[Records from a collection]
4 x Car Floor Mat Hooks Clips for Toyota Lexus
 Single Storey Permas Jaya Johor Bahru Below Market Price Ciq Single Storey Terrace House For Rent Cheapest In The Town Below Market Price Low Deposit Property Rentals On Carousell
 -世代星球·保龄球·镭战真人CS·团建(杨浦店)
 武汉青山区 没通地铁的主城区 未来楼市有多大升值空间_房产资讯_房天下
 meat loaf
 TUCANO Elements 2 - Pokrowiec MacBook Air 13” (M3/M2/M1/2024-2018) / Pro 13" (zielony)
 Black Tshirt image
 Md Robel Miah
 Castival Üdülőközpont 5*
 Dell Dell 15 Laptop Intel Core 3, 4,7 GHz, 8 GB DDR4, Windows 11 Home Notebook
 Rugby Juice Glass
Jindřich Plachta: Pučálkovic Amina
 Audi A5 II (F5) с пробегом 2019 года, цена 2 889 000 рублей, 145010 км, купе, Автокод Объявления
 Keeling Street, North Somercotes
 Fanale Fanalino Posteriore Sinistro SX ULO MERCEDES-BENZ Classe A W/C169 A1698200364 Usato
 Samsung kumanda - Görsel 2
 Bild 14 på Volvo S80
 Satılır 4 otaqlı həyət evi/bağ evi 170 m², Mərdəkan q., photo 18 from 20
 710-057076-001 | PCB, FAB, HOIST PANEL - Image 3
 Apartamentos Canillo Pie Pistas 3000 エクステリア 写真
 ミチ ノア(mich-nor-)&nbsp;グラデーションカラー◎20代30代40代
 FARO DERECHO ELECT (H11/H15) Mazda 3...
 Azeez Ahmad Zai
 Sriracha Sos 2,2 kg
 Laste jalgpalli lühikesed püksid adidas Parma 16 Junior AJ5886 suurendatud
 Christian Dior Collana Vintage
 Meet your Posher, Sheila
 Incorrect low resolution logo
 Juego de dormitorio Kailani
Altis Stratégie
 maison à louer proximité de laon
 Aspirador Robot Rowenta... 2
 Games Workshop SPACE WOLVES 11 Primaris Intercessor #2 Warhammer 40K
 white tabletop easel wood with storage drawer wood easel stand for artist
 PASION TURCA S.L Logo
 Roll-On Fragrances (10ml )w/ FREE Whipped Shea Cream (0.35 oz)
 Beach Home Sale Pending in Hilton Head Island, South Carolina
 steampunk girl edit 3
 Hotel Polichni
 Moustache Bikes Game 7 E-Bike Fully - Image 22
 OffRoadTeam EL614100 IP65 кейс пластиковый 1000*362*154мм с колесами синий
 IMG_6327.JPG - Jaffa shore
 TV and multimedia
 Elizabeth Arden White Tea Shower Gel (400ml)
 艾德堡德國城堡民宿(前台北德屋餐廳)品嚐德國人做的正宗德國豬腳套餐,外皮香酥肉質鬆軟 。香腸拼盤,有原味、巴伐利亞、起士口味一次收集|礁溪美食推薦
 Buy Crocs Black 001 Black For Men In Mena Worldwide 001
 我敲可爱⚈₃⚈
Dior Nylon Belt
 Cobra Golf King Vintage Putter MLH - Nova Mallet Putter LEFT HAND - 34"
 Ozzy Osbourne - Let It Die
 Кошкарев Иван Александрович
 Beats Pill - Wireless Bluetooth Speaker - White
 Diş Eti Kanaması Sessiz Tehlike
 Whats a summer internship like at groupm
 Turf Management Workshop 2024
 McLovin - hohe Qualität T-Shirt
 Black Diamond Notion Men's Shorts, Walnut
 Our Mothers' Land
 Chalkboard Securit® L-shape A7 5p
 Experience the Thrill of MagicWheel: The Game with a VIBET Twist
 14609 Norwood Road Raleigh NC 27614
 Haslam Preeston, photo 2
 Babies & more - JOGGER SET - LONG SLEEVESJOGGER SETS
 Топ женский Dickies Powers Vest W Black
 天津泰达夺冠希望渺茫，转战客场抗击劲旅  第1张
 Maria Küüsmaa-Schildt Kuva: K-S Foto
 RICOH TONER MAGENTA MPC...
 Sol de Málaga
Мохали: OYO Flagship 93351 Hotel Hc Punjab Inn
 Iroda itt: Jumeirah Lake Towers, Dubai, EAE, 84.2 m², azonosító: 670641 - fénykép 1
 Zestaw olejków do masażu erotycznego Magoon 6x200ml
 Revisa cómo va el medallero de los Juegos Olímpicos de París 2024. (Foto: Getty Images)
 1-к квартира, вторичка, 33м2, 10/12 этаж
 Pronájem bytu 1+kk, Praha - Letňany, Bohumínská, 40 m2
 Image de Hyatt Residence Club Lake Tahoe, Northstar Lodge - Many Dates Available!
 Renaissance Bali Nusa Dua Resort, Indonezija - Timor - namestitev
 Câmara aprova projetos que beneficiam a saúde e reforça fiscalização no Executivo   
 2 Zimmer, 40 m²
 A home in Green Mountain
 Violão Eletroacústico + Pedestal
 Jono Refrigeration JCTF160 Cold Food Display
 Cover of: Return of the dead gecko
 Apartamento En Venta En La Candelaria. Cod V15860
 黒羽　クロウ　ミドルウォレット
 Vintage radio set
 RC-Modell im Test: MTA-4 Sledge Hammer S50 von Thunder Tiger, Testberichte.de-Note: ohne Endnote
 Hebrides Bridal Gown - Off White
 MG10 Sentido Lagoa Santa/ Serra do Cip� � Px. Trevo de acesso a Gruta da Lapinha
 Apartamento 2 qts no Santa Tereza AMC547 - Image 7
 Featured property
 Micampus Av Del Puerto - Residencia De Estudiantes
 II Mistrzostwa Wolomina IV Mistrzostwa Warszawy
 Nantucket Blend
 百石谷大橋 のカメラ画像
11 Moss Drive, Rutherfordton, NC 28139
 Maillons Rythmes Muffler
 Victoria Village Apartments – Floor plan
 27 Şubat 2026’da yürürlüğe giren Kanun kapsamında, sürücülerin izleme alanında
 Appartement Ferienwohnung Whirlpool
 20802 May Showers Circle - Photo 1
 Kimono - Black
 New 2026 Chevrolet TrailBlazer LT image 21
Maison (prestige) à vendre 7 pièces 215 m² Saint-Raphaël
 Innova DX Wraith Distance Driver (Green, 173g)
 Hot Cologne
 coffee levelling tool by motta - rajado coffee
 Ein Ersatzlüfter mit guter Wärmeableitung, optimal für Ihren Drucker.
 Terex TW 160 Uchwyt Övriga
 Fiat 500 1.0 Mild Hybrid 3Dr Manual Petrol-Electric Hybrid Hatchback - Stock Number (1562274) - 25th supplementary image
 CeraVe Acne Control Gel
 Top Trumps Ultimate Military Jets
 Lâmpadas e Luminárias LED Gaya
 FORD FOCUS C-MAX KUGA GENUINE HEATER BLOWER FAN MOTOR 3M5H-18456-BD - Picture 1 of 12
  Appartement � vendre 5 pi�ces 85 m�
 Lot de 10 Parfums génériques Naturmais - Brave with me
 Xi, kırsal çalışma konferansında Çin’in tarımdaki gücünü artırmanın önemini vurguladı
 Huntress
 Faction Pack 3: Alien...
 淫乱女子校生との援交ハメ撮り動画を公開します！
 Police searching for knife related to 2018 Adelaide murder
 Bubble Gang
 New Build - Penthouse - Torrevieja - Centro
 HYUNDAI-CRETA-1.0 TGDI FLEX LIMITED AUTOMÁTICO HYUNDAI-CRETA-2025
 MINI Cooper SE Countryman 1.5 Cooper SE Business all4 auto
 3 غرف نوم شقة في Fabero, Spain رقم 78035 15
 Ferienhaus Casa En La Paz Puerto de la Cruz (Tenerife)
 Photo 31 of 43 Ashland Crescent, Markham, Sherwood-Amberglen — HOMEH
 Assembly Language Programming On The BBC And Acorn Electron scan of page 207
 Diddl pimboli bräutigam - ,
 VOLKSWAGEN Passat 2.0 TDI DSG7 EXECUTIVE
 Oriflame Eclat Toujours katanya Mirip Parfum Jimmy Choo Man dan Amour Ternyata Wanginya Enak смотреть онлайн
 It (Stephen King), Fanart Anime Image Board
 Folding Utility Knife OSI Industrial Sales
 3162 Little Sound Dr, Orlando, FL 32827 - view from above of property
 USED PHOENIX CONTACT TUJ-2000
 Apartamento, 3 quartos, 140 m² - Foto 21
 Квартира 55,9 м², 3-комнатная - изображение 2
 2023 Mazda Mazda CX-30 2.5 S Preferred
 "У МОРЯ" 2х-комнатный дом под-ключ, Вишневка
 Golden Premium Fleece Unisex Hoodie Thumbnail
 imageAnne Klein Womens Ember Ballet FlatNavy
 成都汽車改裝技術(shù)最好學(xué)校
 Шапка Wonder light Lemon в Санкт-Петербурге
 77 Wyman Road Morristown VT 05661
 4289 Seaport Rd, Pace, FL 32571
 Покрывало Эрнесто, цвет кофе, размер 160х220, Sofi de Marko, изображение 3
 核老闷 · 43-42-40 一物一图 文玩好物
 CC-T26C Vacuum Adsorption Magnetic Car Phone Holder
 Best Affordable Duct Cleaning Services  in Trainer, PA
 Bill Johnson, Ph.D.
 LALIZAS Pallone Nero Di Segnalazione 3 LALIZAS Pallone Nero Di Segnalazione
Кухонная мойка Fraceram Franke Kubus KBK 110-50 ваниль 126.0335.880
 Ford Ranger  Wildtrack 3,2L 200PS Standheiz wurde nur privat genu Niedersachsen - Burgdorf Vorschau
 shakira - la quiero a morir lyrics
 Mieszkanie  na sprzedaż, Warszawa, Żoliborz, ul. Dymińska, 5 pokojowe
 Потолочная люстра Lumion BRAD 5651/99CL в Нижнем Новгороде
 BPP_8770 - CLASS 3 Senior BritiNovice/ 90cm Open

• [What you have to do] Each line from the beginning of the entries to the line with "Castival Üdülőközpont 5*" must be repeated exactly, with both end lines kept and no other lines given.

• [Solution for this exercise]
4 x Car Floor Mat Hooks Clips for Toyota Lexus
 Single Storey Permas Jaya Johor Bahru Below Market Price Ciq Single Storey Terrace House For Rent Cheapest In The Town Below Market Price Low Deposit Property Rentals On Carousell
 -世代星球·保龄球·镭战真人CS·团建(杨浦店)
 武汉青山区 没通地铁的主城区 未来楼市有多大升值空间_房产资讯_房天下
 meat loaf
 TUCANO Elements 2 - Pokrowiec MacBook Air 13” (M3/M2/M1/2024-2018) / Pro 13" (zielony)
 Black Tshirt image
 Md Robel Miah
 Castival Üdülőközpont 5*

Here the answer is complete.